The examples included in this module serve to demonstrate the basic functionality of Google Cloud Dataflow, and act as starting points for the development of more complex pipelines.
A good starting point for new users is our set of word count examples, which computes word frequencies. This series of four successively more detailed pipelines is described in detail in the accompanying walkthrough.
-
MinimalWordCount
is the simplest word count pipeline and introduces basic concepts like Pipelines, PCollections, ParDo, and reading and writing data from external storage. -
WordCount
introduces Dataflow best practices like PipelineOptions and custom PTransforms. -
DebuggingWordCount
shows how to view live aggregators in the Dataflow Monitoring Interface, get the most out of Cloud Logging integration, and start writing good tests. -
WindowedWordCount
shows how to run the same pipeline over either unbounded PCollections in streaming mode or bounded PCollections in batch mode.

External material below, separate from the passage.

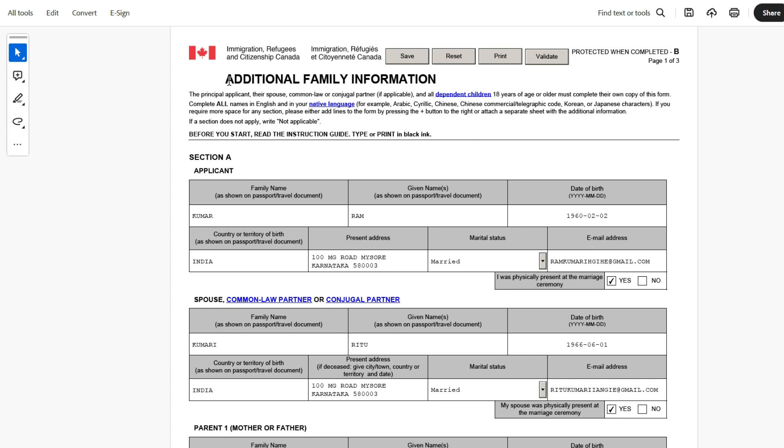This is IMM5406, which is additional family information. When you're doing your PR application online, this will be available online. Once you understand what this form is, you'll be able to do it online, offline, any which way. Once you have an understanding, you will not make any mistake. When we came on PR, that is my wife and I, once our PR process started, that's the time when IRCC asked us to provide this detail, and each one of us had to give our family information.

The examples in this repository can be built and executed from the root directory by running:
mvn compile exec:java -pl examples \
-Dexec.mainClass=<MAIN CLASS> \
-Dexec.args="<EXAMPLE-SPECIFIC ARGUMENTS>"
For example, you can execute the WordCount
pipeline on your local machine as follows:
mvn compile exec:java -pl examples \
-Dexec.mainClass=com.google.cloud.dataflow.examples.WordCount \
-Dexec.args="--inputFile=<LOCAL INPUT FILE> --output=<LOCAL OUTPUT FILE>"
Once you have followed the general Cloud Dataflow Getting Started instructions, you can execute the same pipeline on fully managed resources in Google Cloud Platform:
mvn compile exec:java -pl examples \
-Dexec.mainClass=com.google.cloud.dataflow.examples.WordCount \
-Dexec.args="--project=<YOUR CLOUD PLATFORM PROJECT ID> \
--stagingLocation=<YOUR CLOUD STORAGE LOCATION> \
--runner=BlockingDataflowPipelineRunner"
Make sure to use your project id, not the project number or the descriptive name.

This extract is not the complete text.